» Listed records
----------

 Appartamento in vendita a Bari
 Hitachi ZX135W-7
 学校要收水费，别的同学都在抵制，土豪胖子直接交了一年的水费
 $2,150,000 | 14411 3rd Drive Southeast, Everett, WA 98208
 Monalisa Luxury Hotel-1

----------

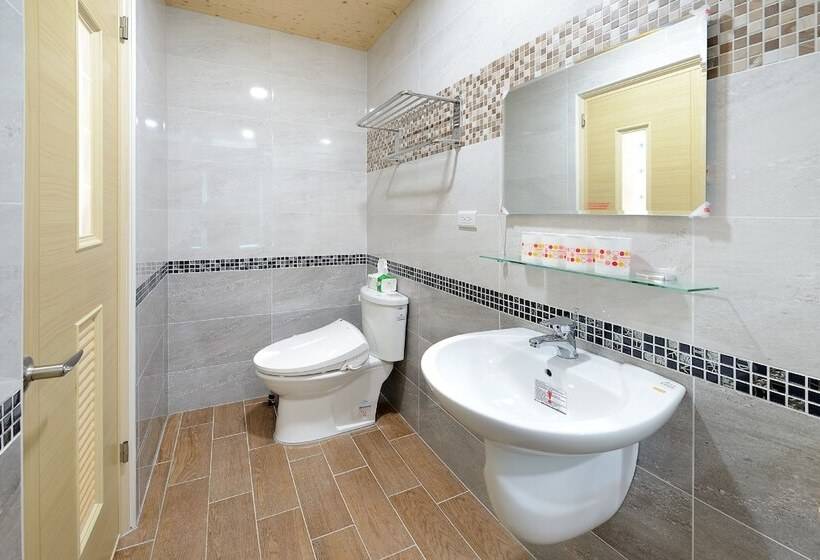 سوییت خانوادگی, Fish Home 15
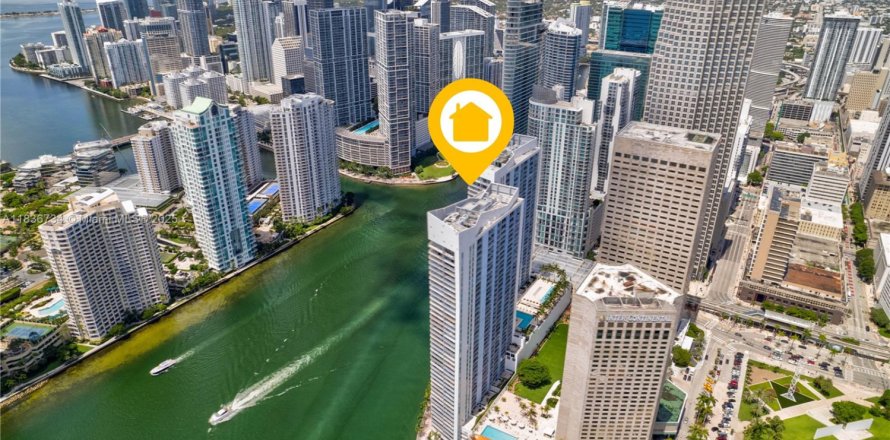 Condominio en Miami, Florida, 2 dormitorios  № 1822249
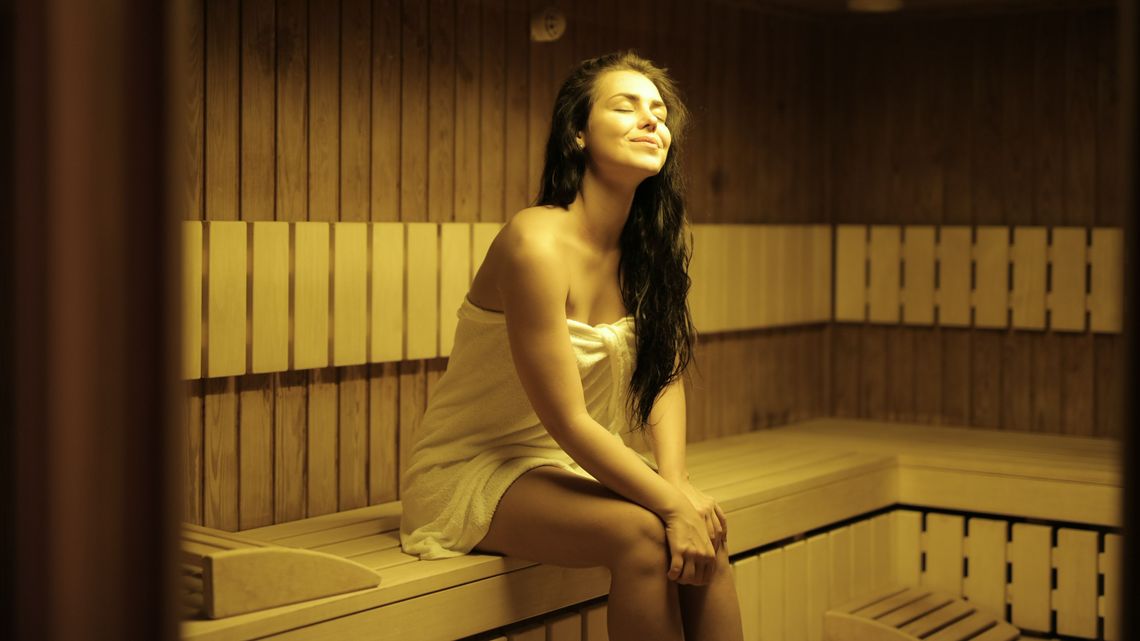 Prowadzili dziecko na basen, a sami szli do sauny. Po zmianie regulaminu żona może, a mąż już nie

----------

» What you should do
Copy the stretch of the records above that runs from the line with "Hitachi ZX135W-7" through the line with "Monalisa Luxury Hotel-1". Both end lines belong in the copy, and nothing else does.

» Task solution
 Hitachi ZX135W-7
 学校要收水费，别的同学都在抵制，土豪胖子直接交了一年的水费
 $2,150,000 | 14411 3rd Drive Southeast, Everett, WA 98208
 Monalisa Luxury Hotel-1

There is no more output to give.